**WORK TO BE COMPLETED:** Your answer should be the full data, transcribed exactly, with no pictures in it.

──────── DATASET EXTRACT ────────

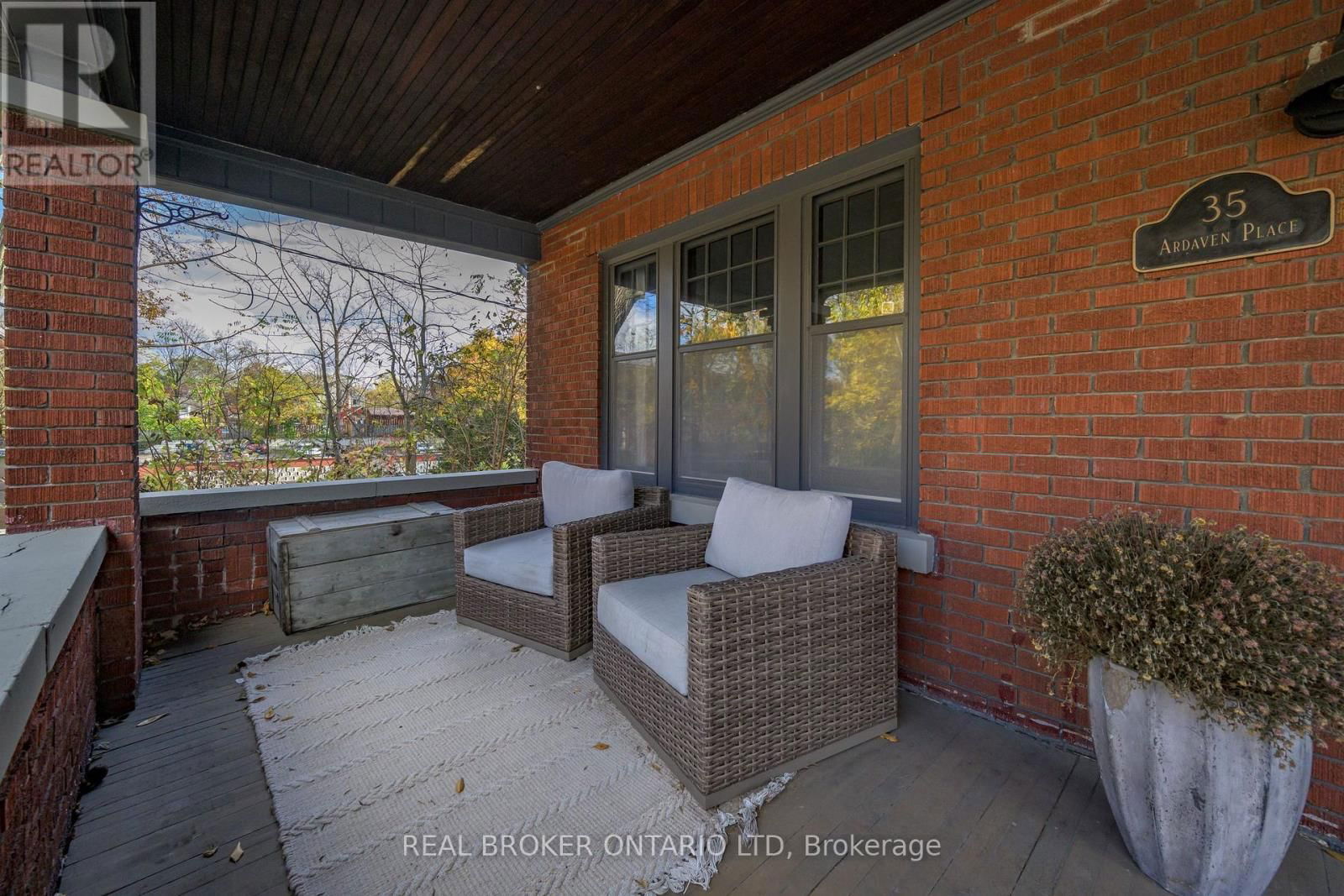 35 ARDAVEN PLACE Image 3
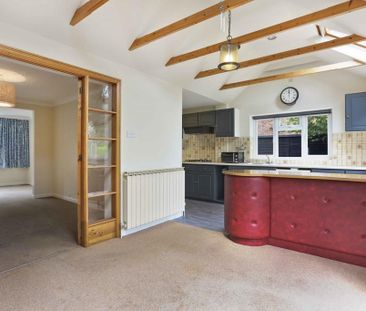 3 bedroom semi-detached house to rent - Photo 6
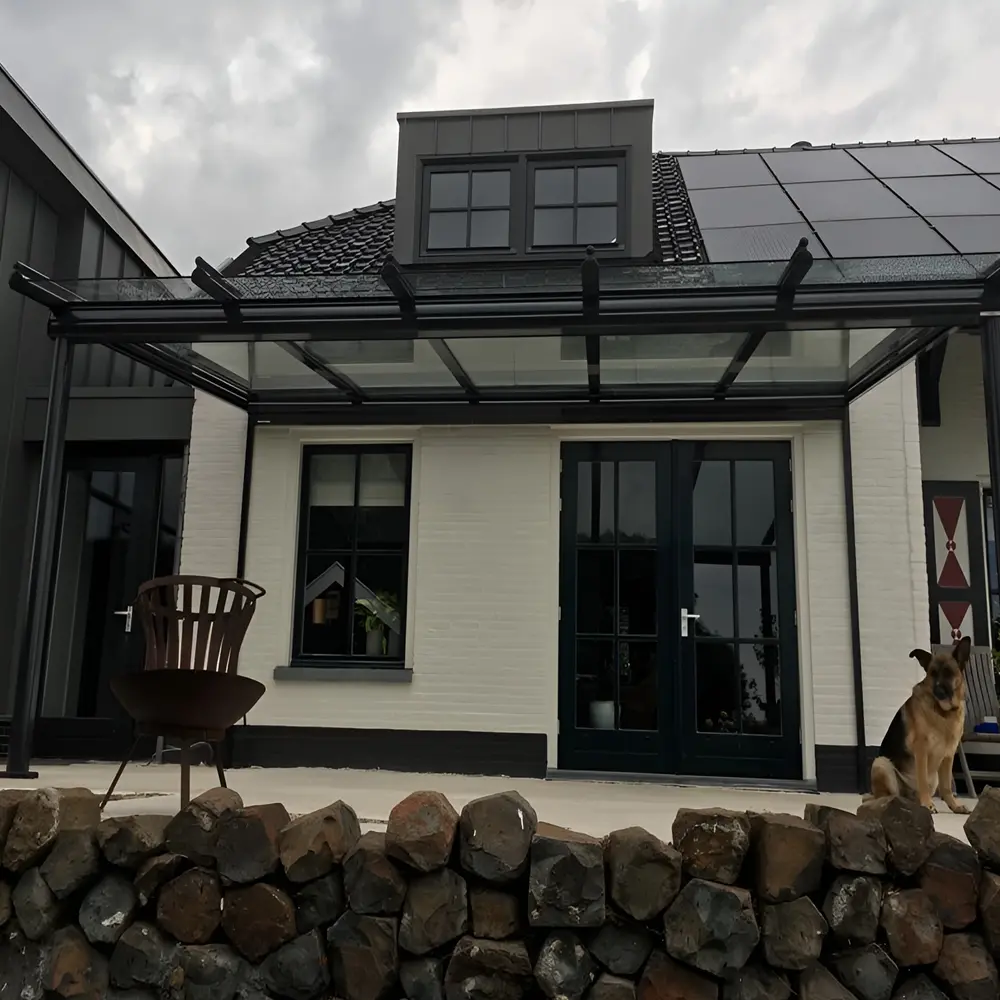Glazen terrasoverkapping met hond bij woning in Utrecht Glazen terrasoverkapping met hond bij woning in Utrecht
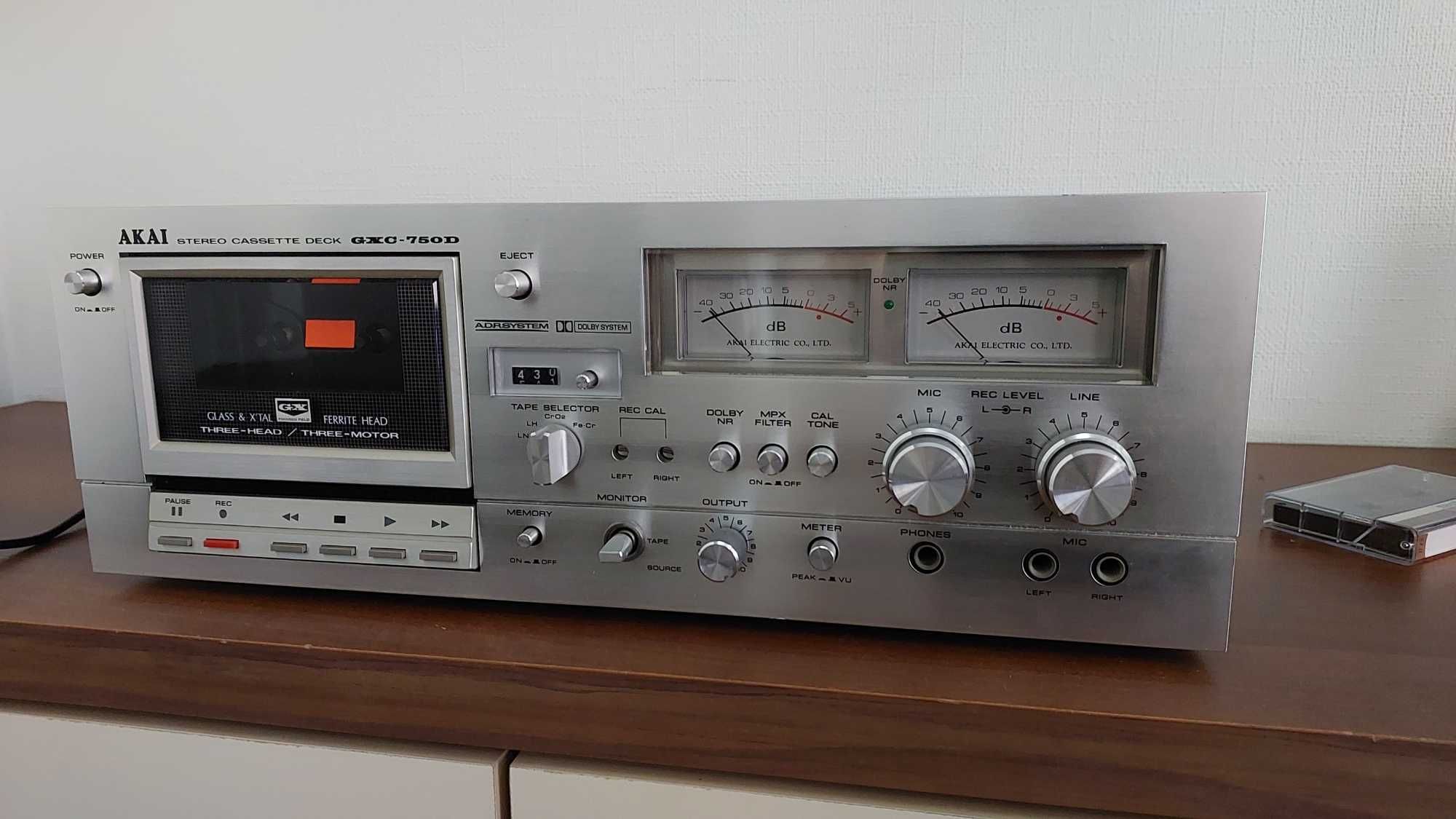 Кассетная дека AKAI GX73  GXC57O  GXC750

────────

**FINISHED TASK:**
 35 ARDAVEN PLACE Image 3
 3 bedroom semi-detached house to rent - Photo 6
Glazen terrasoverkapping met hond bij woning in Utrecht Glazen terrasoverkapping met hond bij woning in Utrecht
 Кассетная дека AKAI GX73  GXC57O  GXC750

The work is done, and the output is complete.